Scout’s Honor: An Eagle Scout and His Father Offer Their Perspective on BSA’s Anti-Gay Policy
The Boy Scouts of America is at the center of a controversy once again. This time it’s for denying a 17-year-old Boy Scout, Ryan Andresen, his Eagle pin (which he earned) because he came out as gay. My nephew Matt received his Eagle pin about 10 years ago, and his father Jeff, my brother-in-law, was a troop leader. I was curious about where Matt and Jeff stood on the issue, so I took them out to lunch yesterday. After reading through hundreds of readers’ comments on blogs and articles on the latest BSA controversy, I came up with questions that I thought were most relevant to people’s concerns. Jeff is a great dad, and Matt, now 29 years old, is also a father of a boy and a girl, with another one on the way. Time after time, he has made me proud to be his uncle. Matt’s troop was sponsored by their church; both Matt and Jeff are Christian, straight and fair-minded and have had vast experiences in the Boy Scouts. Here’s what they had to say.
Randy: The courts have ruled on numerous cases that the Boy Scouts of America has a right to exclude gay scouts and gay adults as leaders, and that their policy does not constitute illegal discrimination; as a private organization it has a right to freedom of association.
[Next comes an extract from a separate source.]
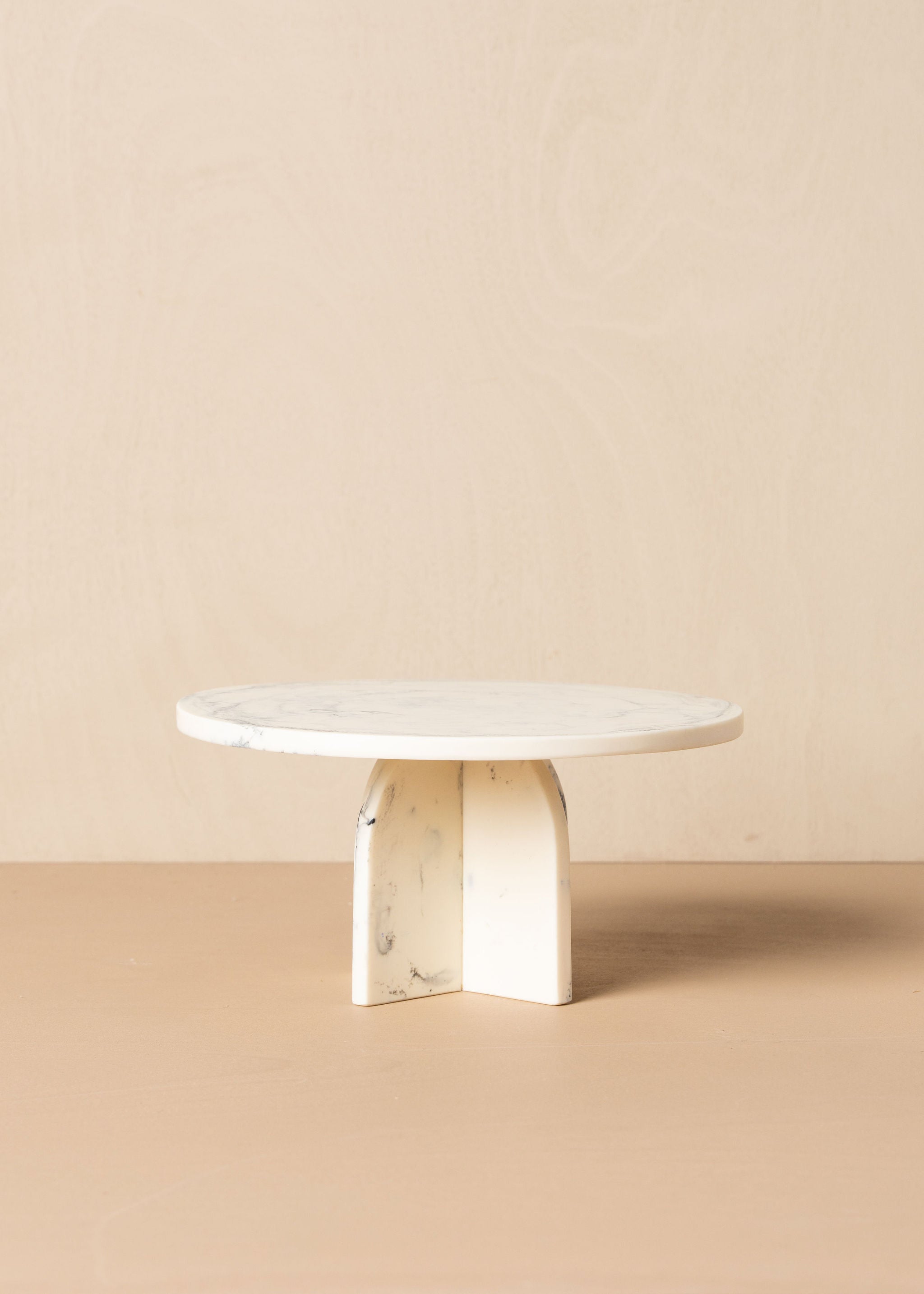 Premium Flow Resin Cake Stand - Elegant Merle Design for Wedding, Birthday & Dessert Displays - Perfect for Party Decor & Bakery Showcase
Some readers’ comments about the Ryan Andresen controversy said, “If you don’t like the policy, don’t join. Go start your own club.” What are your thoughts on that?
Matt: We are talking about the Boy Scouts of America, not some private book club in someone’s home. It’s huge. They need to be held to certain standards. So it’s not as simple as who you include and who you exclude. How are they going to address the fact that tax payers are paying for land that they’re using, and facilities? They have to be held accountable for the decisions they’re making.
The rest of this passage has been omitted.